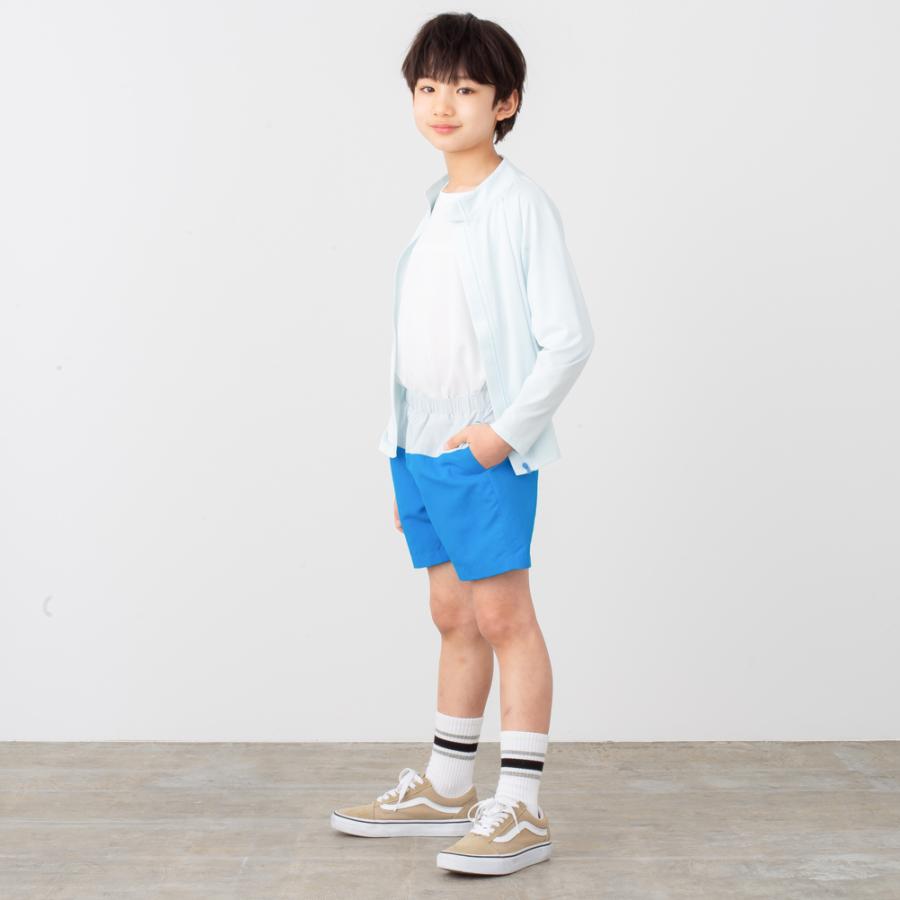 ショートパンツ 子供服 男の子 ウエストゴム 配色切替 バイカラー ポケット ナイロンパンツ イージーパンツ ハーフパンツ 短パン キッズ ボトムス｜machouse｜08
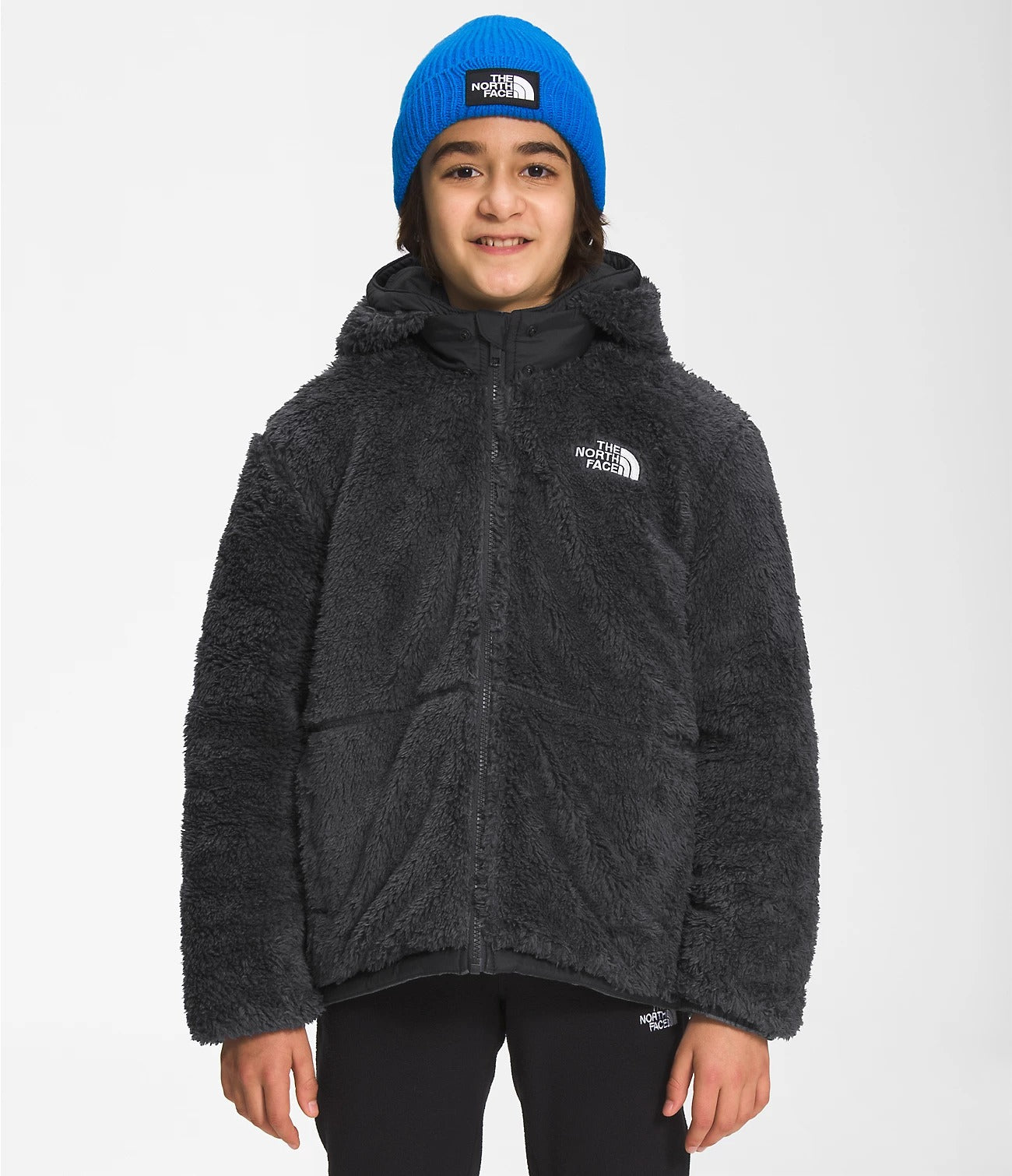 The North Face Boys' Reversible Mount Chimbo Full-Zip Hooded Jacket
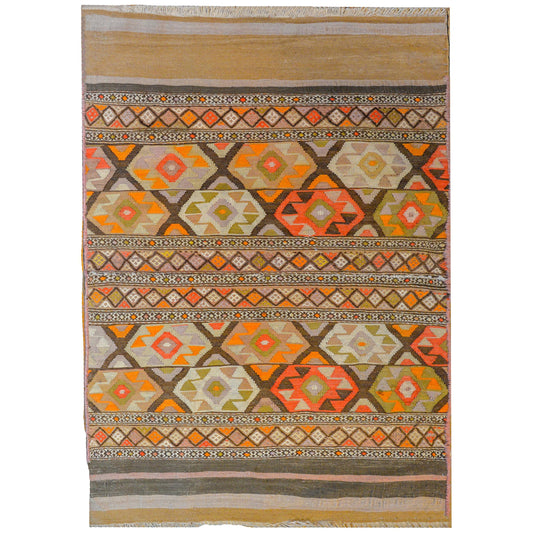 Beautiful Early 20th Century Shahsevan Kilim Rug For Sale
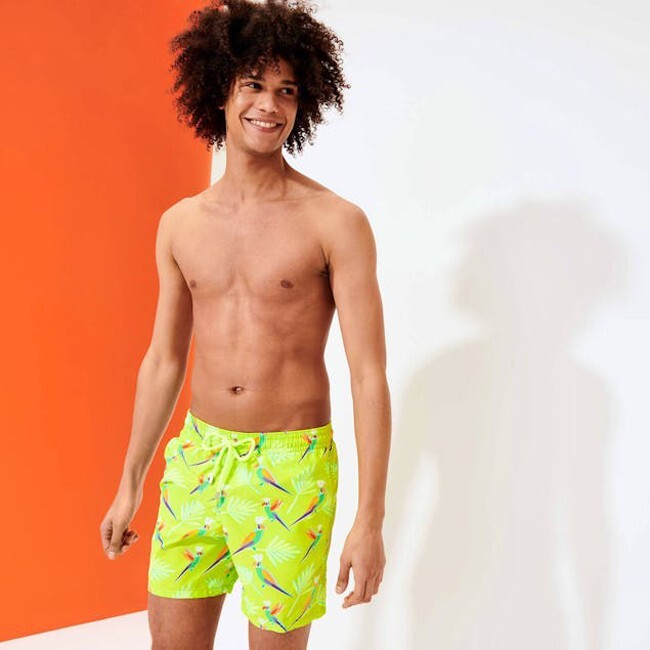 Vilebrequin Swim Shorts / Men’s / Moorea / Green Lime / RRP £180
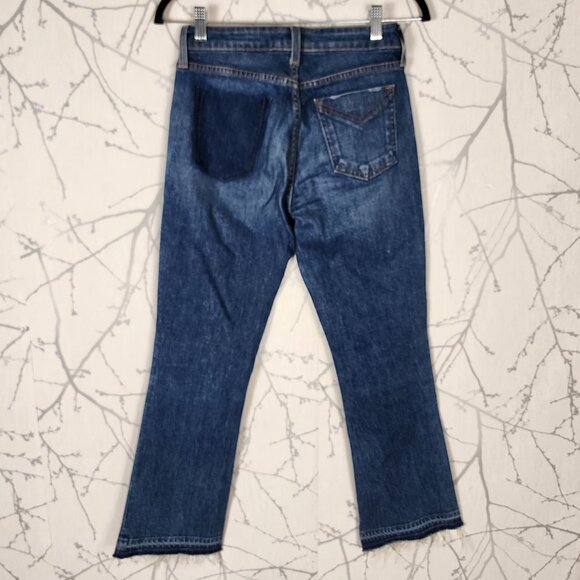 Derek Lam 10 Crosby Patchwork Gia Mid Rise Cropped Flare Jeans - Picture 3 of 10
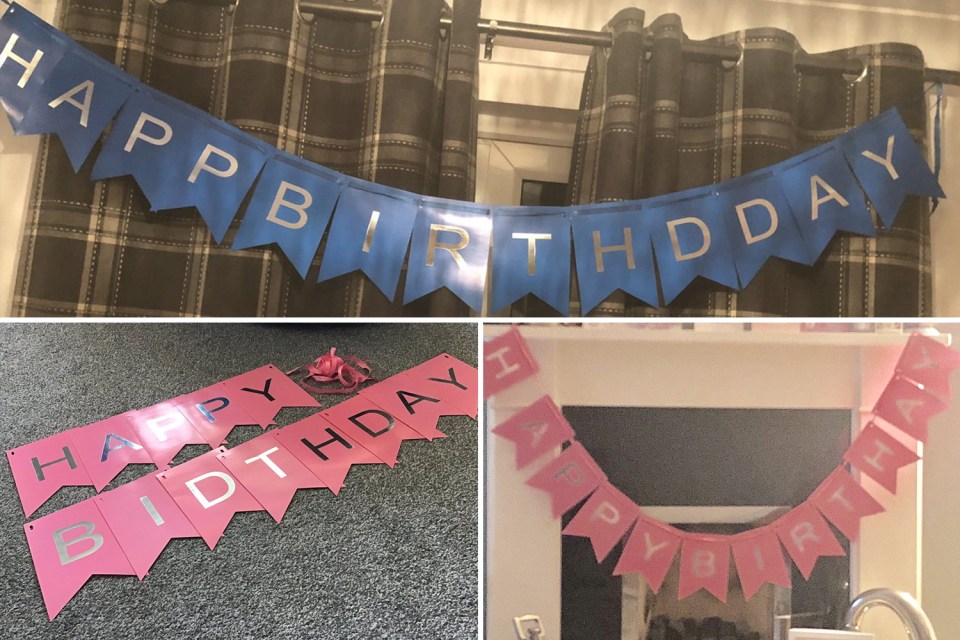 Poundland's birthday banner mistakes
◇ ◇ ◇
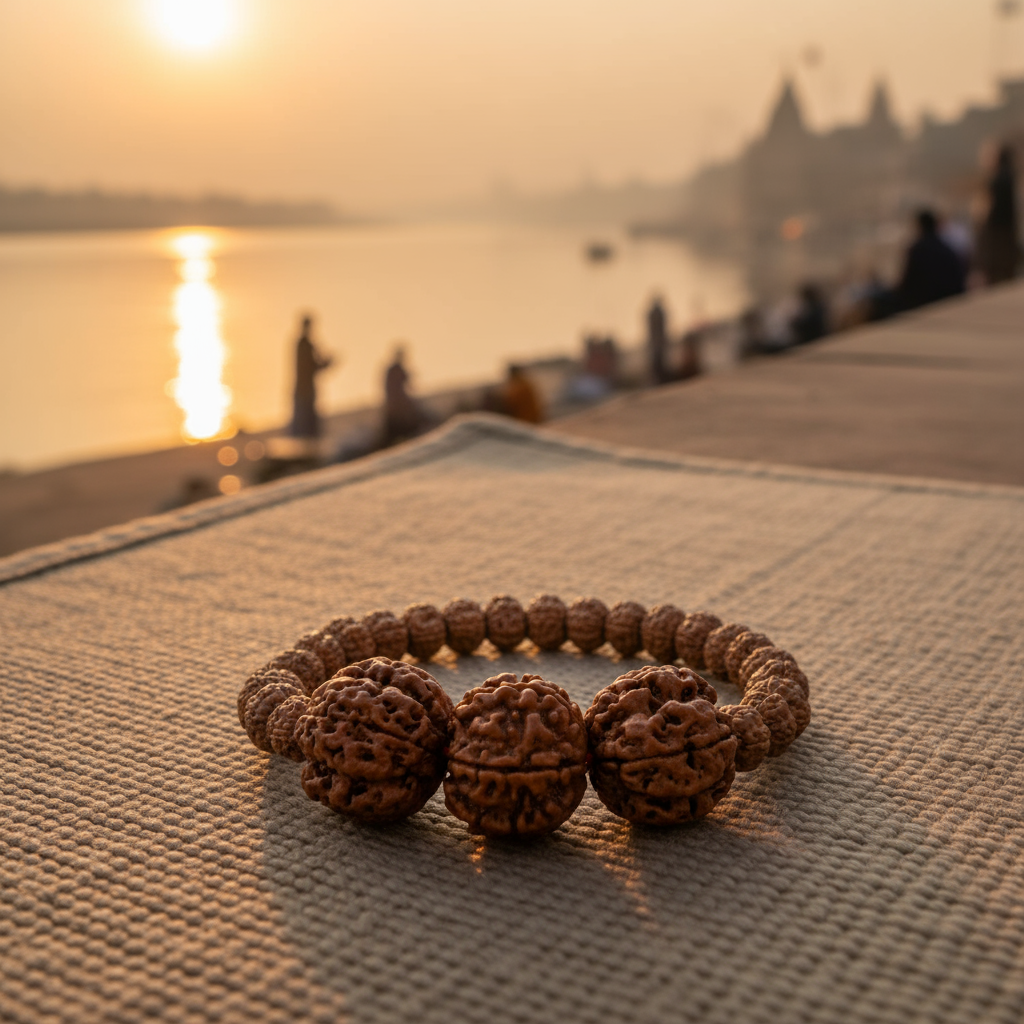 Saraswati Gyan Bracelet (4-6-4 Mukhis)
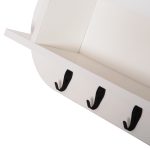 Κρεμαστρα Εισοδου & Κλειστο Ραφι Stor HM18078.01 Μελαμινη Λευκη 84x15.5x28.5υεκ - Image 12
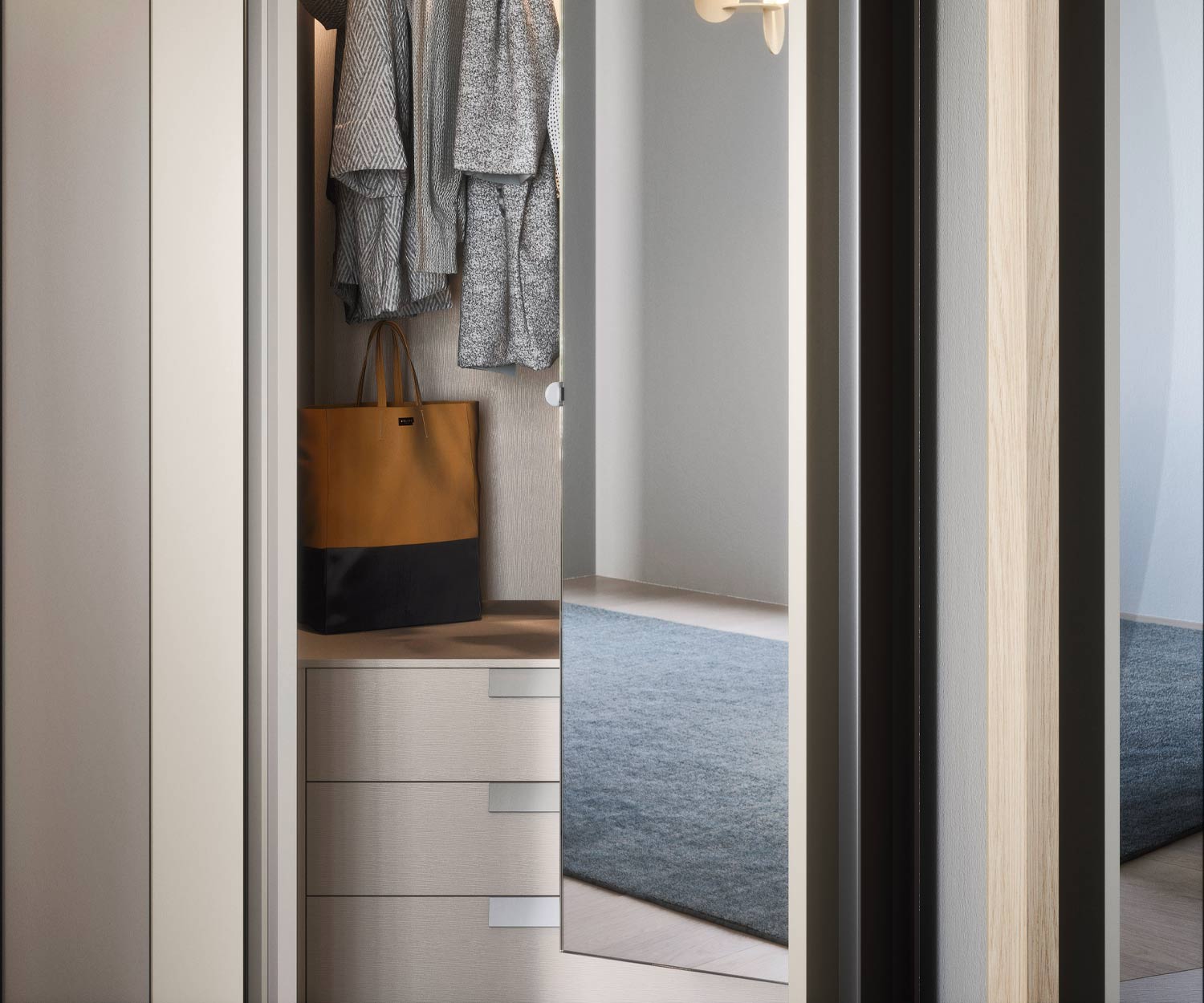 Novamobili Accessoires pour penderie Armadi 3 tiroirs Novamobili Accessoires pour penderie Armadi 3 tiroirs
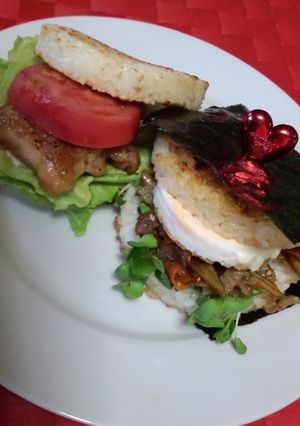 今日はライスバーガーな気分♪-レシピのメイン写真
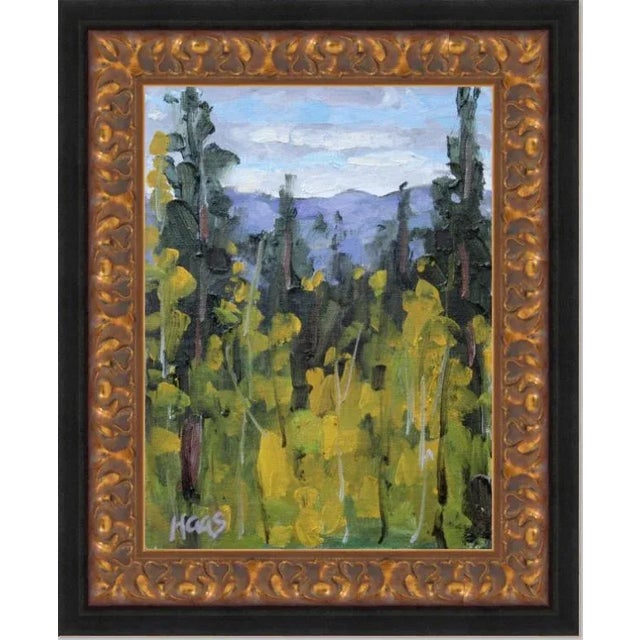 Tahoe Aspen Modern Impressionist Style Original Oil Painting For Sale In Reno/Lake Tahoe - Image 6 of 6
◇ ◇ ◇
> **Task to complete**
Exactly as written above, retype the lines starting at the one holding "Saraswati Gyan Bracelet (4-6-4 Mukhis)" and ending at the one holding "Tahoe Aspen Modern", both included, but not the pictures.

> **Finished task**
 Saraswati Gyan Bracelet (4-6-4 Mukhis)
 Κρεμαστρα Εισοδου & Κλειστο Ραφι Stor HM18078.01 Μελαμινη Λευκη 84x15.5x28.5υεκ - Image 12
 Novamobili Accessoires pour penderie Armadi 3 tiroirs Novamobili Accessoires pour penderie Armadi 3 tiroirs
 今日はライスバーガーな気分♪-レシピのメイン写真
 Tahoe Aspen Modern Impressionist Style Original Oil Painting For Sale In Reno/Lake Tahoe - Image 6 of 6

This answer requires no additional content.